• Instructions for the task
Copy exactly the lines of the data below, beginning with the line with "Hello everybody! We're" and ending with the line with "Copy the URL". Pictures are to be omitted.

• Exercise material
———

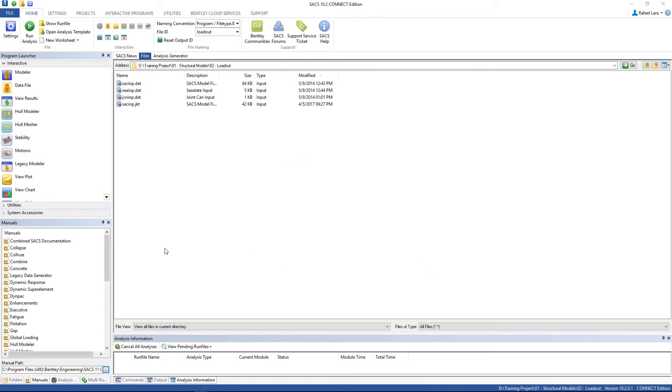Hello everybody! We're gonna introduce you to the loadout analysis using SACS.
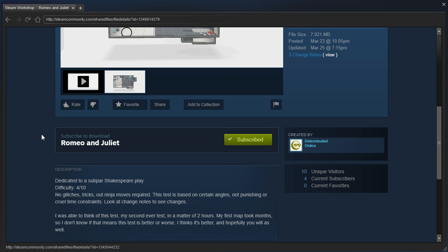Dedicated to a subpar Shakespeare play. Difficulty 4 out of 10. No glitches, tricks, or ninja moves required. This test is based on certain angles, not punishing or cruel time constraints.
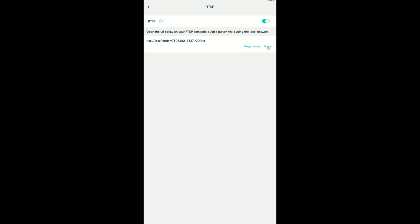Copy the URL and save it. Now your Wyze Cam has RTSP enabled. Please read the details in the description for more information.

———

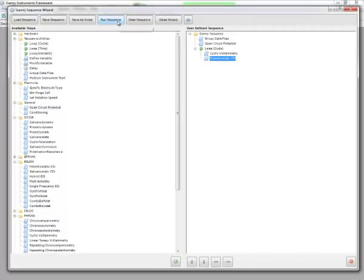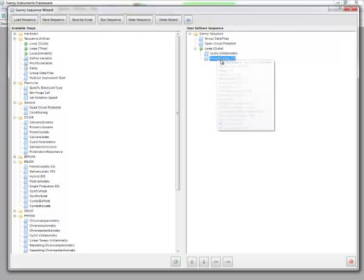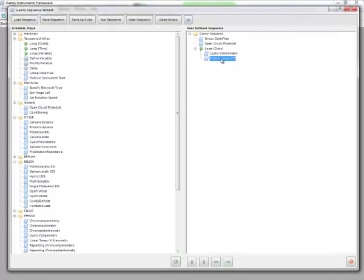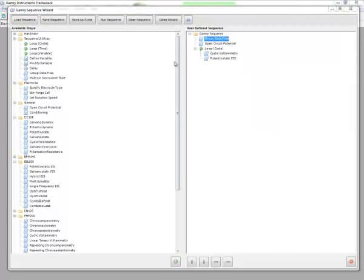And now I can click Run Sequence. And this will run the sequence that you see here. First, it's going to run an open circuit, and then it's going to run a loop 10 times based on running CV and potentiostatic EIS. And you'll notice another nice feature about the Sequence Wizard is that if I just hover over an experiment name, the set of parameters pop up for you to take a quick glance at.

———

• Task answer
Hello everybody! We're gonna introduce you to the loadout analysis using SACS.
Dedicated to a subpar Shakespeare play. Difficulty 4 out of 10. No glitches, tricks, or ninja moves required. This test is based on certain angles, not punishing or cruel time constraints.
Copy the URL and save it. Now your Wyze Cam has RTSP enabled. Please read the details in the description for more information.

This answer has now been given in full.